To verify the effectiveness of the ensemble learning strategy, the performances of the three sub-models are compared with the performance of the EC model. It is proved that the EC model performs better than the sub-models. To verify the effectiveness of the correction strategy, the correction components in the EC model are removed respectively. It demonstrates the effectiveness of the two correction components. In addition, the reasons why these two correction components have different effects on the model are analysed. To verify the effectiveness of the weight-sharing strategy, the performance of the none-weight sharing EC model is analysed. It is proved that the weight sharing strategy can not only reduce the computational complexity, but also improve the model performance. Case studies are conducted to verify the effectiveness of the model. In addition, the optimal number of GCN layers is verified. Experimental results show that the model has better performance when the number of GCN layers is 2.

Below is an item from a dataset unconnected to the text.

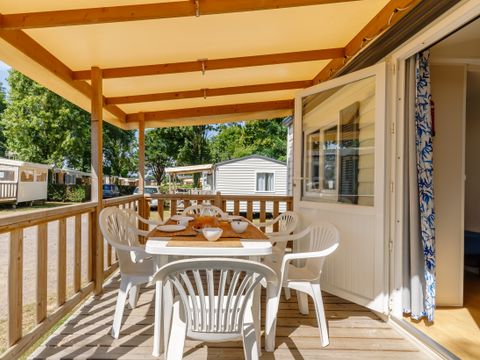 MOBILHOME 6 personnes - Eco 4 Pièces 6 Personnes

Through the above experiments, it can be concluded that the EC model proposed in this article can effectively perform aspect-level sentiment classification. In future studies, different word embedding methods, and different structures of sub-models could be used to improve the model performance.
Footnotes
Declaration of conflicting interests
The author(s) declared no potential conflicts of interest with respect to the research, authorship and/or publication of this article.
Funding
The author(s) disclosed receipt of the following financial support for the research, authorship and/or publication of this article: This work was supported by the Natural Science Foundation of China (grant nos 72174153, 71921002, 71790612 and 71974202); the Major Project of the Ministry of Education of China (grant no. 17JZD034).